Below listed a collection of resources related to the presentation. Hope these resources will be of use as you deepen your understanding of the mobile Web and explore how to optimize your clinical trial or patient recruitment website for more visitors.

Mobile Use & Behaviour Statistics

As you consider the impact of the mobile Web on your clinical trials, it’s essential to look at mobile adoption and behaviour data for prospective clinical trial participants. The resources in this section are a great place to start doing that.

eMarketer
This publishes a variety of digital marketing research, insights, and reports. This tracks Smartphone adoption in 25 countries during 6 years.

Our Mobile Planet
This website is provided by Google. It permits you to explore mobile statistics in 48 countries and develop custom charts to help you understand mobile behaviour in those countries.

GWI Device Summary
This publishes a quarterly report on the latest trends for smart phones, tablets, smart TVs, and wearables.

ITU Statistics Page
This shares a variety of statistics on information and communications technology, including mobile subscriptions by country over several years.

We Are Social’s Compendium of Digital Statistics
They puts out collection of global digital statistics. You’ll find mobile statistics, as well as social media and general digital statistics.

Creating Mobile-Friendly Clinical Trial Websites

Here is listed the resources to help you assess and improve the mobile-friendliness of your website.

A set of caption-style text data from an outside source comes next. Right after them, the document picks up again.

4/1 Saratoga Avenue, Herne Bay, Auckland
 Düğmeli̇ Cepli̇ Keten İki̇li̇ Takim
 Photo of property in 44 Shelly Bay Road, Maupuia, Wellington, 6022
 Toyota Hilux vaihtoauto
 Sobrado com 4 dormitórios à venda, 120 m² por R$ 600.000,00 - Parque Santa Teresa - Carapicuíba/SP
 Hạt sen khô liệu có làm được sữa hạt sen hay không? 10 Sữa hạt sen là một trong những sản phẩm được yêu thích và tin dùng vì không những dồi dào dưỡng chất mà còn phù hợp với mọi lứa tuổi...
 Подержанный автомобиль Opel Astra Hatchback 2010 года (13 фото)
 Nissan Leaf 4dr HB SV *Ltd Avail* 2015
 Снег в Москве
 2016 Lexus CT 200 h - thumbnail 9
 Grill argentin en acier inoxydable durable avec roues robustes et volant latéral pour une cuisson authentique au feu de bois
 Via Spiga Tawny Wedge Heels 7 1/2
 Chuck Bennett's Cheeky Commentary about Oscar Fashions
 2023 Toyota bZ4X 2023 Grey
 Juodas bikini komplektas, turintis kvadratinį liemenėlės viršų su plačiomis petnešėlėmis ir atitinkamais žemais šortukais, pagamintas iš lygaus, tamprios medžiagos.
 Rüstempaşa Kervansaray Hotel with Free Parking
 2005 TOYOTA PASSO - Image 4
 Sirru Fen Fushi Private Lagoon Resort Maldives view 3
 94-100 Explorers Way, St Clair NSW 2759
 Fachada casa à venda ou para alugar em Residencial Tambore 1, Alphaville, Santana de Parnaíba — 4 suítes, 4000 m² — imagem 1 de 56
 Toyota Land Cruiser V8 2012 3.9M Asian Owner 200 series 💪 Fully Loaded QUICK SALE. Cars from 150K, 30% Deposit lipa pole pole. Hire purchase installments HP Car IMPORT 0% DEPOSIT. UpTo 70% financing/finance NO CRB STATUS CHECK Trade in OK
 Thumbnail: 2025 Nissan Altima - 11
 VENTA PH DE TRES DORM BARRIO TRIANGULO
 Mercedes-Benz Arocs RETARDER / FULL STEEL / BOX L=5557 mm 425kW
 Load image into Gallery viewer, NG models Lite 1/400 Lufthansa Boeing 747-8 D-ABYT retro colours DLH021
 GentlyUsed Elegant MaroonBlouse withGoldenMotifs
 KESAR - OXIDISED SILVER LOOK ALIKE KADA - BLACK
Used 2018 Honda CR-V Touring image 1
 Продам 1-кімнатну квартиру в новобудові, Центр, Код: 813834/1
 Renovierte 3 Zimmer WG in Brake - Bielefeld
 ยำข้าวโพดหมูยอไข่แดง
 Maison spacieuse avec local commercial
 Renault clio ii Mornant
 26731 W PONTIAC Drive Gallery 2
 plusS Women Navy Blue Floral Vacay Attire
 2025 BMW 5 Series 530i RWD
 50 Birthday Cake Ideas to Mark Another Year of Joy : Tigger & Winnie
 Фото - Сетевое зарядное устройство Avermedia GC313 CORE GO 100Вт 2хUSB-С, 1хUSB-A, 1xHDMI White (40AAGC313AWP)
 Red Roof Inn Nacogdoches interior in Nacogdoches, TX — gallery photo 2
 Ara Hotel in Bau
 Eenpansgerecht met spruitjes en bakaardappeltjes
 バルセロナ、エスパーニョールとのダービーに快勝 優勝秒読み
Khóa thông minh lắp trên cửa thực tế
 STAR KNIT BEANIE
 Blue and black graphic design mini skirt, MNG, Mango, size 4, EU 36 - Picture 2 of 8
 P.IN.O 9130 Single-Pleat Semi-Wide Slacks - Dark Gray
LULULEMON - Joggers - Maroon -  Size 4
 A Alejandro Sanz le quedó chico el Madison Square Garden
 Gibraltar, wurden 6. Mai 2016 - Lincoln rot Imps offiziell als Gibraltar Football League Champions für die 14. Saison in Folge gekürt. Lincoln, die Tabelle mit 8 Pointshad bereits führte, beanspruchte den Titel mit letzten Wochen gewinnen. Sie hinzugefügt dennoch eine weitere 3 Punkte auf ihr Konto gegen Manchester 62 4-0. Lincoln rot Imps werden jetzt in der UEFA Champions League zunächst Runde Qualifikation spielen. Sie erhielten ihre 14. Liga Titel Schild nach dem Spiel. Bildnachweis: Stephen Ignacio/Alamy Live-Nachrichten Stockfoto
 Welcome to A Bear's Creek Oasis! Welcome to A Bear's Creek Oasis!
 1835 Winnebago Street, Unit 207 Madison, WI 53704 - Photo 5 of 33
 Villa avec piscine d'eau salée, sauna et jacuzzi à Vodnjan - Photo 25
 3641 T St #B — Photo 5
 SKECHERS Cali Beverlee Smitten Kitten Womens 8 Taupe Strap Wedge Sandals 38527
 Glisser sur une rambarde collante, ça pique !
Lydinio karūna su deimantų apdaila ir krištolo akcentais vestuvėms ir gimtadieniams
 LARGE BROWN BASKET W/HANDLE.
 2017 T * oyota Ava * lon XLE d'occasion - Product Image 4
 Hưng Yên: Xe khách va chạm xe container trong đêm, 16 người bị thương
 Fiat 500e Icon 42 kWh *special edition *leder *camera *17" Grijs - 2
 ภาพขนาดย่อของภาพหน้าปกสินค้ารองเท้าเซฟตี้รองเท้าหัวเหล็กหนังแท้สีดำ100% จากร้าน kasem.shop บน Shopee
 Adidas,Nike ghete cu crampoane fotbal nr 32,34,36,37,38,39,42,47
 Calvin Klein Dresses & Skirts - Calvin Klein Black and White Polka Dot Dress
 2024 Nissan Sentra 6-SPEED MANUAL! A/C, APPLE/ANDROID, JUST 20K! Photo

Google’s Mobile-Friendly Test
If you want to assess the mobile-friendliness of your clinical trial website, Google’s Mobile-Friendly Test is the easiest place to begin. Simply type the URL and Google will tell you if its algorithms deem the site mobile-friendly.

Google’s PageSpeed Insights
This is similar to the Mobile-Friendly Test, but it assesses the website’s load time. Results are presented for both a desktop and mobile device. Google considers load time to be important for user experience and uses it as a signal in its ranking algorithm.

Google Webmaster Tools Mobile Usability
Google provides mobile usability information in Webmaster Tools. However, in order to use Webmaster tools you must have reach to the backend of your website.

Google Mobile-Friendly Websites Guide
This website is geared to website developers, but there is some basic information here as well. And even though you may not be a website developer, some of the information here can be useful to help you better communicate with your web developer.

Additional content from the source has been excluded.